Both Moody’s and Fitch Ratings, which reaffirmed the levels of the major banks, stressed that the country’s banks are sound, but they’re concerned over some issues, and how they could affect the financial services industry.
“The main domestic threat to the stability of the Canadian banks is the record level of consumer indebtedness and the risk of overvaluation in the housing market,” said Fitch.

“Between 2001 and 2012, Canadian home prices appreciated by approximately 116 per cent and the household debt-to-disposable income ratio increased to 166.7 from 108.3,” it added in its statement.

“These increases are set against a backdrop of unemployment remaining above 7 per cent and GDP growth hovering in the 2 per cent to 3 per cent range.”

Moody’s issued a similar statement, though with a different timeframe, citing a rise of 20 per cent in house prices since November 2007.

The steam has, of course, come out of the Canadian housing market, with sales cooling rapidly, particularly since Finance Minister Jim Flaherty moved in the summer to tame credit growth with new mortgage restrictions.

And according to the Bank of Canada, credit growth has in fact slowed, though was still, at its last measure, outpacing the growth in incomes.

Ford disappoints on Europe
Ford Motor Co. posted stronger-than-expected fourth-quarter results today, but disappointed markets on a weak outlook for Europe.

Ford earned $1.6-billion (U.S.), or 40 cents a share, compared to $13.6-billion or $3.40 a year earlier, but the 2012 results were inflated by a tax issue.

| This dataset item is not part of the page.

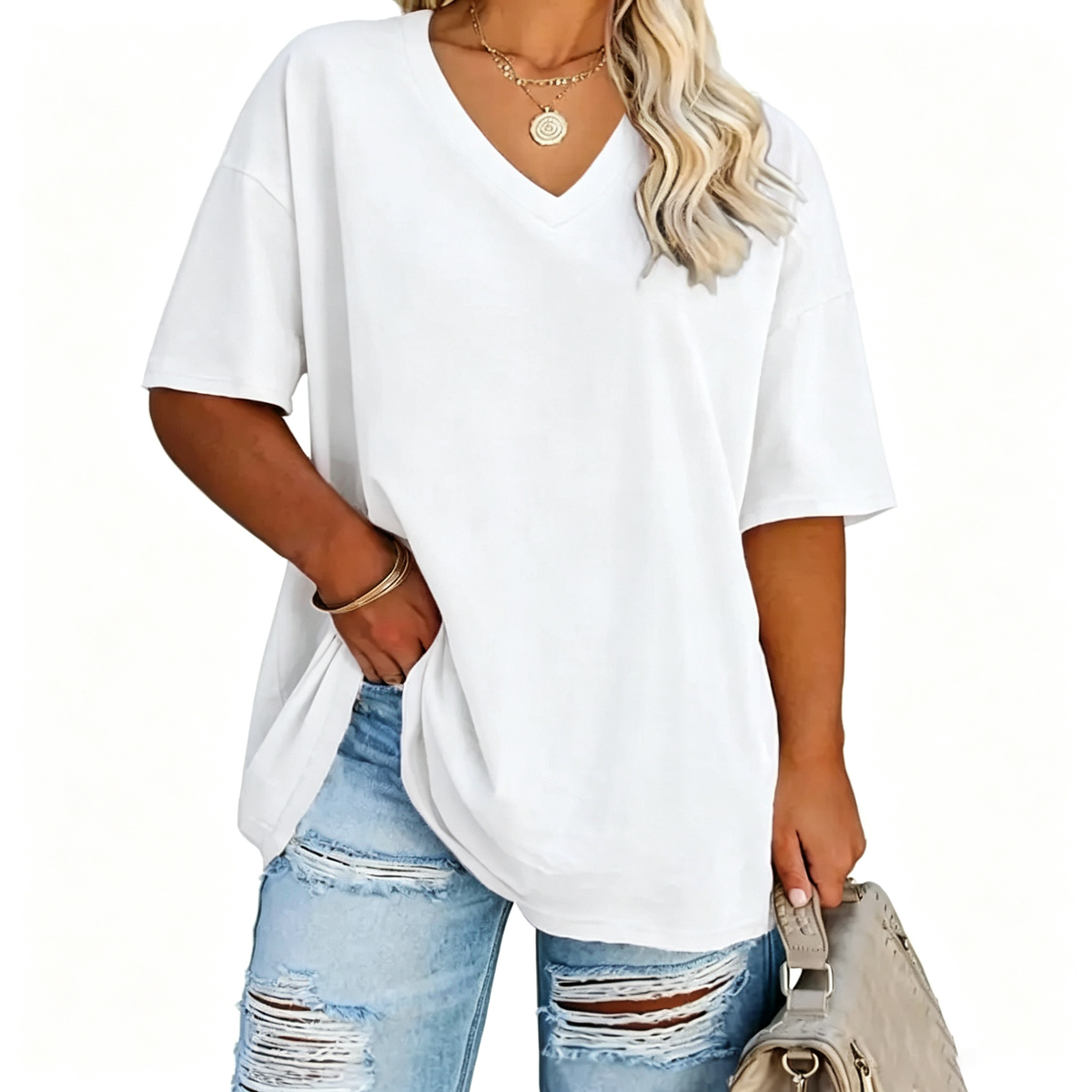 Women's Plus Size V-Neck Tunic Top – Soft Cotton Relaxed Fit Casual Tee, Flattering & Comfortable Everyday Shirt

The problem for the auto maker is that it projects a $2-billion loss in Europe this year, following a loss there of almost $1.8-billion in 2012.

“Ford is being adversely impacted by higher pension costs due to lower discount rates, and a stronger euro,” the auto maker said.

“The business environment remains uncertain, and Ford will continue to monitor the situation in Europe and take further action as necessary,” it added.